To study the effect of RB concentration on the system, the fluorescence intensities of the sensing system were compared with and without acetamiprid. Firstly, 20 μL of an optimal concentration of aptamer was mixed with 100 μL of AuNPs. After incubating for 9 min, 20 μL of acetamiprid (3 μg mL−1) was added into the mixed system and cultured for another 10 min. Secondly, the optimal concentration of NaCl was added and reacted for 5 min.
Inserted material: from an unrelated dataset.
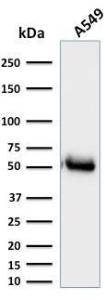 Western blot analysis of A549 cell lysate using Anti-CD14 Antibody [LPSR/2385]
Afterwards, 20 μL of different concentrations of RB (100, 150, 200, 250, 300, 350 μM) were mixed with the system. The blank experiments substituted ultrapure water for acetamiprid. Finally, the fluorescence intensity value of the blank groups and experimental groups were obtained, and the maximum ΔF value was chosen as the optimal concentration.

The degree of agglomeration of AuNPs has been directly correlated with NaCl, which can be represented by the ratio of absorbance at 650 and 520 nm. To optimize the reaction time of AuNPs with NaCl, the aptamer and acetamiprid were replaced with ultrapure water, and 100 mL of AuNPs was mixed with 40 μL of ultrapure water. Next, 20 μL of an optimal concentration of NaCl solution was added into the system and blended thoroughly. After interacting for 1, 2, 3, 4, 5, 6, 7 min, the absorbances at 650 and 520 nm were measured. Finally, the reaction time that resulted in a maximum absorbance ratio (A650/A520) was chosen as the optimal incubation time.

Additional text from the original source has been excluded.